■ WHAT YOU ARE ASKED TO DO ■
Set down exactly the stretch of lines below that opens at the line containing "Allegra Silky Francine Navy Midi" and continues through the last line of the entries, and nothing else.

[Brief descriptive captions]
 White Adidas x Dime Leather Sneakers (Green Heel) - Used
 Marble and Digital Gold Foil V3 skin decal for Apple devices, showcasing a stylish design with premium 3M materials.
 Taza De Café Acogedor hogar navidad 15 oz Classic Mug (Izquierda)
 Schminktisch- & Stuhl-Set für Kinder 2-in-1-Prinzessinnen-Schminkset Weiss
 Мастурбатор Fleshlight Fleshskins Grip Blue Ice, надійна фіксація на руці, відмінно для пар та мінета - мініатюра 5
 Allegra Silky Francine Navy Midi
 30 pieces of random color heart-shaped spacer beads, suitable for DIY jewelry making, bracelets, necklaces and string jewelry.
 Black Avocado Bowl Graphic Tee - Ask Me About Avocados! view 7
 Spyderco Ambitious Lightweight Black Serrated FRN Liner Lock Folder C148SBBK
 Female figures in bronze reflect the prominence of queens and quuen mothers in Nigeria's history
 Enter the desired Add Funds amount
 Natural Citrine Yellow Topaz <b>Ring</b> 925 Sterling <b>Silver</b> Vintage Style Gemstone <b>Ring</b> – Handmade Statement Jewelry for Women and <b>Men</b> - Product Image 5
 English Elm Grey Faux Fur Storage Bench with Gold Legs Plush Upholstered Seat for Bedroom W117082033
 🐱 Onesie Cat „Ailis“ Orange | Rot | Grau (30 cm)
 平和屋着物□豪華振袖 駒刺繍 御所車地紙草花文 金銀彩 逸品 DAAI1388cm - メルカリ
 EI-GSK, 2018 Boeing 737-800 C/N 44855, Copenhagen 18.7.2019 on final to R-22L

■ ANSWER BELOW ■
 Allegra Silky Francine Navy Midi
 30 pieces of random color heart-shaped spacer beads, suitable for DIY jewelry making, bracelets, necklaces and string jewelry.
 Black Avocado Bowl Graphic Tee - Ask Me About Avocados! view 7
 Spyderco Ambitious Lightweight Black Serrated FRN Liner Lock Folder C148SBBK
 Female figures in bronze reflect the prominence of queens and quuen mothers in Nigeria's history
 Enter the desired Add Funds amount
 Natural Citrine Yellow Topaz <b>Ring</b> 925 Sterling <b>Silver</b> Vintage Style Gemstone <b>Ring</b> – Handmade Statement Jewelry for Women and <b>Men</b> - Product Image 5
 English Elm Grey Faux Fur Storage Bench with Gold Legs Plush Upholstered Seat for Bedroom W117082033
 🐱 Onesie Cat „Ailis“ Orange | Rot | Grau (30 cm)
 平和屋着物□豪華振袖 駒刺繍 御所車地紙草花文 金銀彩 逸品 DAAI1388cm - メルカリ
 EI-GSK, 2018 Boeing 737-800 C/N 44855, Copenhagen 18.7.2019 on final to R-22L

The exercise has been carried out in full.